Herbert Williamson

Personal information
- Date of birth: 1871
- Place of birth: Manchester, England
- Date of death: 1946
- Place of death: Farnworth, Lancashire, England
- Position(s): Goalkeeper

Senior career*
- Years: Team / Apps / (Gls)
- 1894–1895: Southampton St. Mary's / 12 / (0)
- 1896: Royal Ordnance Factories / 7 / (0)

= Herbert Williamson =

English footballer

Herbert Williamson (1871–1946) was an amateur footballer who played as a goalkeeper for Southampton St. Mary's and Royal Ordnance Factories in the mid-1890s.

Williamson made his debut for Southampton in the third match of the inaugural Southern League season, replacing Walter Cox. Despite conceding a goal within three minutes of his debut (a 2–2 draw with Millwall Athletic) Williamson soon settled into the role and helped the club through their first league season.

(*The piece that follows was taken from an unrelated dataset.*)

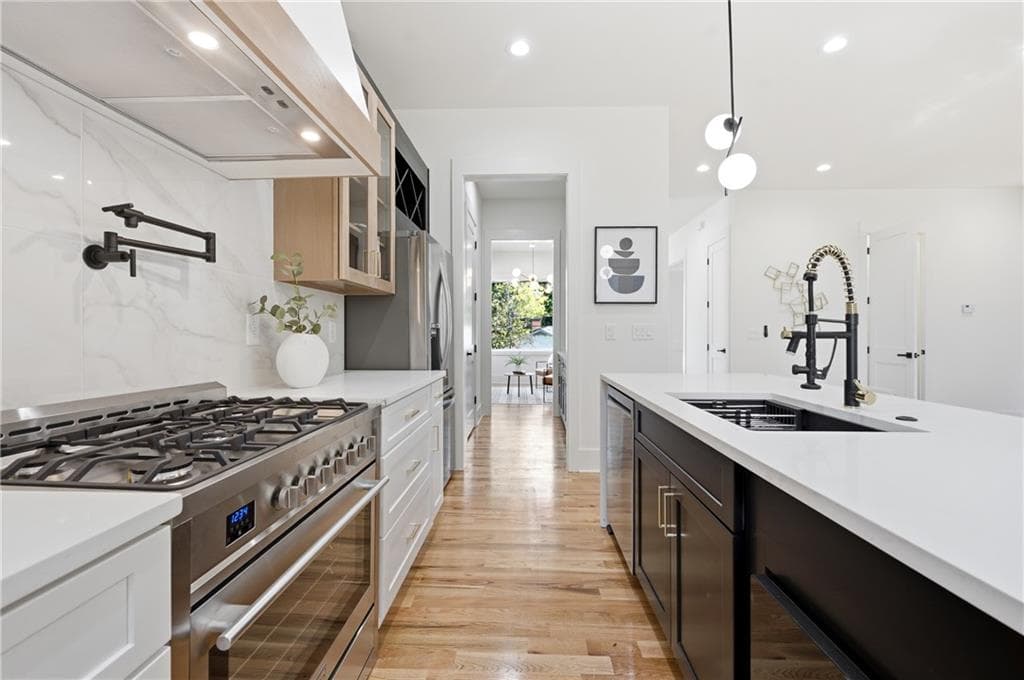 4 bedroom, 5 bathroom, 2,730 sq ft single family residence for sale at 63 Mortimer Street, Atlanta, GA 30317 — photo 8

In the summer of 1895, Williamson left the Southampton area and moved to London to find work. In 1896, he joined the Royal Ordnance Factories team at Maze Hill, Greenwich, also playing in the Southern League. Williamson was an ever-present for the Ordnance Factories team, conceding 46 goals in seven matches, including ten in a match against his former side at the Antelope Ground in October 1896. As a result of financial difficulties, the club folded mid-season and their record was expunged.